According to Silvestri, Euticals’ product mix will shift from 70% APIs to 65% with the acquisition of Archimica, whereas contract and custom synthesis will increase from 5% to 10%. Most of the APIs are generic drugs, and the rest of the production is drug intermediates and other fine chemicals.
Last year, Euticals’ sales totaled $133 million, compared with about $172 million for Archimica.
Silvestri says he is looking ahead to yet another acquisition, one targeting dosageform manufacturing in the U.S. or Europe.
The company has its eye on opportunities in Asia and Latin America, and Mandarin Capital, he says, has stated the objective of an initial public offering for the firm, perhaps as early as next year.
James R. Bruno, president of consulting firm Chemical & Pharmaceutical Solutions, is a bit taken aback by Euticals’ global push. “If it works, it will be a bold move on Euticals’ part that takes them from an insignificant player to a real global player,” he says. At this point, however, Bruno only sees a “global mess” spurred by an acquisition spree.
“Euticals was basic in a really niche market,” he explains. “Venture capital comes in and says, ‘Expand in the market because we are a venture capital firm, and we believe the only way you can grow is through acquisition.’ They have taken on a whole bunch of little pieces, and I question how well they really fit.”
Bruno’s misgivings in regard to the Archimica acquisition in particular are based partly on the size of the companies involved. “When I looked at Archimica’s product line and then at Euticals’, it was like the proverbial Goliath getting eaten up by David. I didn’t think Euticals was big enough to do it.” He adds that Archimica has experienced several ups and downs, including problems with the U.S. Food & Drug Administration, which will not make Euticals’ road forward any easier.
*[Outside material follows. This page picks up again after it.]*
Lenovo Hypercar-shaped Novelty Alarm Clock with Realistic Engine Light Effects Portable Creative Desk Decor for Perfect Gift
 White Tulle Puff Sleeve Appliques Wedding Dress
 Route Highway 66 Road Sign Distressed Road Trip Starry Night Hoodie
Silvestri counters that Archimica is in a better position to succeed under Euticals than with its previous owners. “They were not coming from the pharma industry,” he says. “TowerBrook was a private equity firm. Clariant was not a pharma company, nor was BTP.” He plans to draw on his experience with Bristol-Myers and notes that many managers at Euticals have international experience as well.
“Clearly this is a big challenge,” Silvestri says. His approach, he says, will be to instill a pharma industry focus across the company, injecting a current Good Manufacturing Practices ethic even into non-cGMP product areas, including agricultural chemicals.
“We may fail; this is clearly a possibility,” Silvestri acknowledges. “But we have a lot of ideas about how to develop Archimica within Euticals. And that is the story in the end.”